**ASSIGNMENT**
From the line containing "Роль военного законодательства" through the end of the material below, output each line exactly as written, with pictures excluded.

**GIVEN ENTRIES**
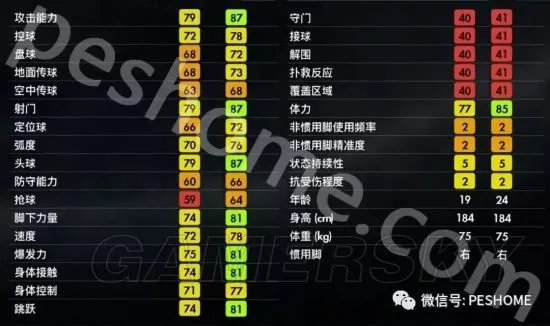 《实况足球2018（PES2018）》妖人库特罗内深度图文解析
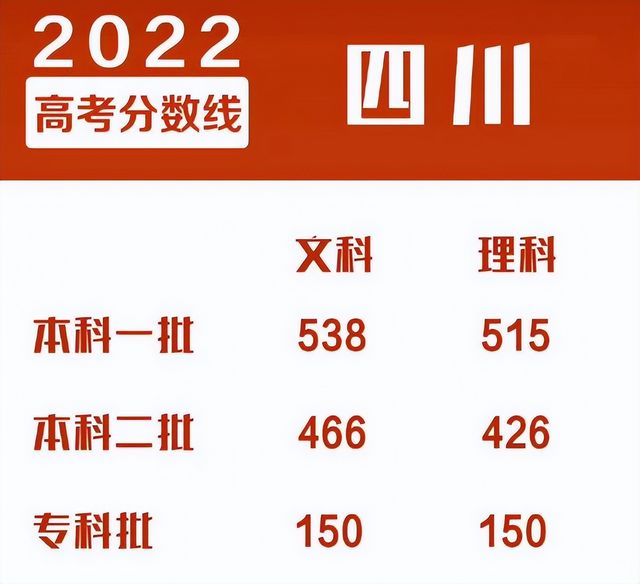 四川确定2022高考录取分数线一本538二本426考生感到很高兴,2021四川高考录取分数线一本二本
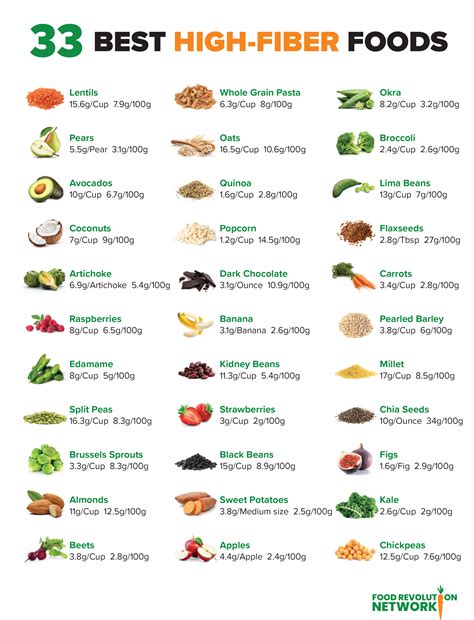 Types of Low Fiber Foods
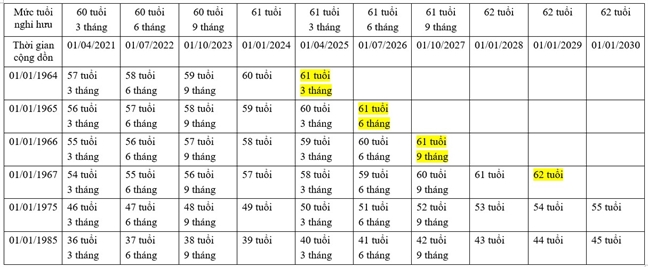 Cach tinh tuoi nghi huu theo phuong an moi nhu the nao?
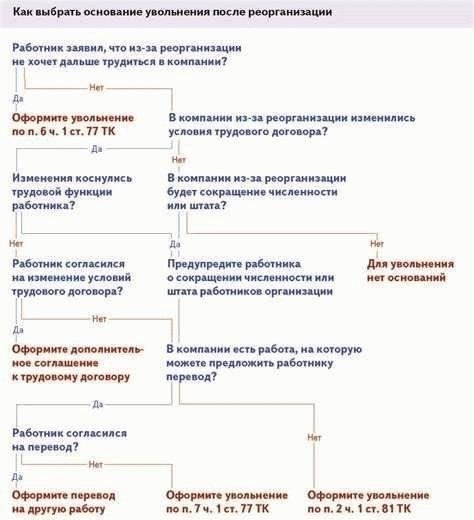 Роль военного законодательства в процессе увольнения и процедурах выплат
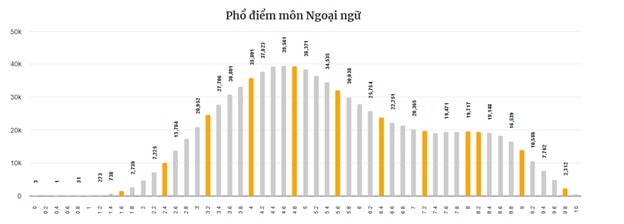 Cải thiện năng lực môn tiếng Anh, học sinh khó có thể chỉ học “sổi”! -0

**TASK SOLUTION**
 Роль военного законодательства в процессе увольнения и процедурах выплат
 Cải thiện năng lực môn tiếng Anh, học sinh khó có thể chỉ học “sổi”! -0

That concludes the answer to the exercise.